Todas as coisas do mundo passarão em breve,
dissipar-se-ão como fábulas, sonhos e sombras.
Entretanto, cristão, se quiseres adquirir a
verdadeira sabedoria, não basta que reconheças a importância de tua finalidade,
mas é mister seguir os meios estabelecidos para alcançá-la. Não há ninguém que
se não quisera salvar e santificar, mas como não empregam os meios convenientes,
condenam-se. É preciso evitar as ocasiões de pecar, freqüentar os sacramentos,
fazer oração, e, sobretudo, gravar no coração as máximas do Evangelho, como,
por exemplo, as seguintes: “Que aproveita ao homem se ganhar o mundo todo? (Mt
16,26). Quem ama desordenadamente a sua alma, perdê-la-á” (Jo 12,25).
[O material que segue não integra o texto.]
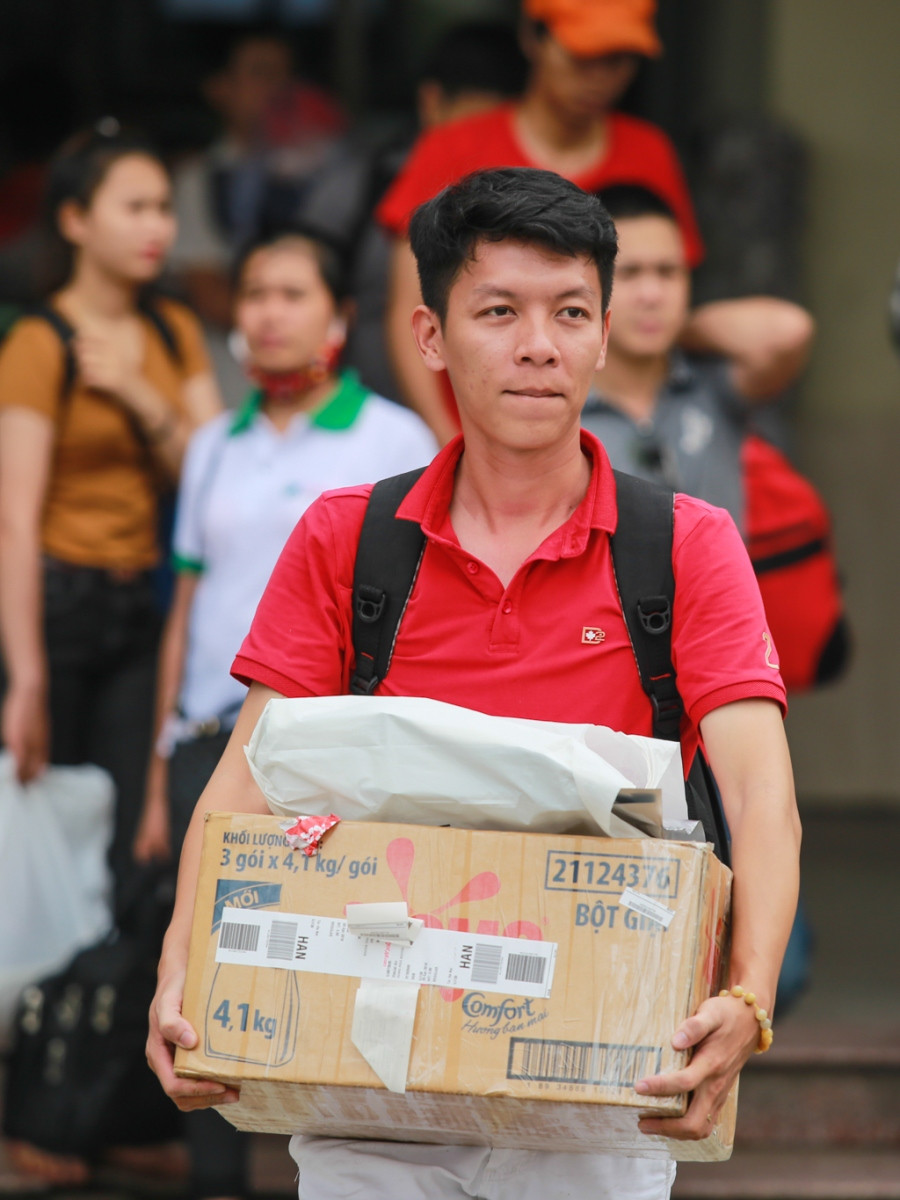 Dịp nghỉ lễ kéo dài 4 ngày nên nhiều học sinh, sinh viên tranh thủ về quê với gia đình. (Ảnh: Minh Sơn/Vietnam+)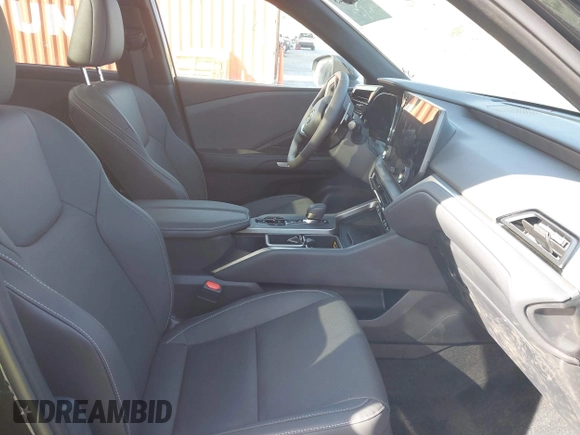 2024 Lexus TX 350 z VIN 5TDAAAA63RS011868, wystawiony jako IAAI lot #41377223 z przebiegiem 214 mil mil oraz . Historia ofert i sprzedaży dostępna na DreamBid. Obrazek 5.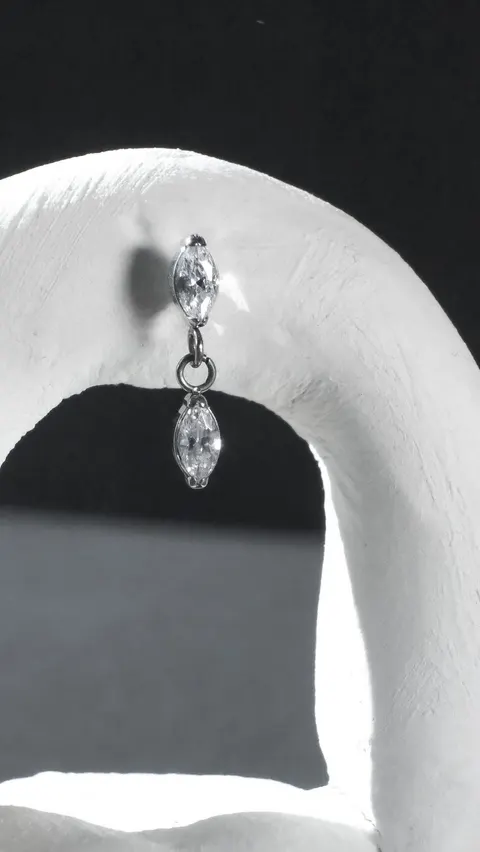 Labret tytanowy 'diamond drop'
Ou seja,
convém perder a vida, se necessário for, para salvar a alma. “Se alguém quiser
vir após mim, negue-se a si mesmo” (Mt 16,20). Para seguir a Jesus Cristo é
preciso recusar ao amor próprio a satisfação que exige.
Nossa salvação consiste no cumprimento da vontade
divina (Sl 29,61).
AFETOS E SÚPLICAS
Pai de misericórdia! Lançai um olhar sobre
minha grande miséria e compadecei-vos de mim. Iluminai-me, Senhor; fazei que
reconheça minha loucura passada para que a deplore e aprecie e ame vossa bondade
infinita. Ó meu Jesus, que destes vosso sangue para me remir; não permitais que
volte a ser, como fui, escravo do mundo! (Sl 19). Arrependo- me, Sumo Bem, de
ter-vos abandonado. Amaldiçôo todos os momentos em que minha vontade consentiu
no pecado, e abraço-me com vossa santíssima vontade, que só deseja a minha
felicidade. Concedei-me, Eterno Pai, pelos merecimentos de Jesus Cristo, força
para executar tudo quanto vos agrade, e fazei que prefira morrer a opor-me à
vossa vontade. Ajudai-me com a vossa graça a depositar em vós todo o meu amor,
e a desligar-me de todo afeto que não conduza a vós. Amo-vos, ó Deus de minha
alma, amo-vos sobre todas as coisas e de vós espero toda a felicidade; o
perdão, a perseverança em vosso amor e a glória para vos amar eternamente...
Ó Maria, alcançai-me estas graças! O vosso
divino Filho nada vos recusa. Confio em vós, minha esperança!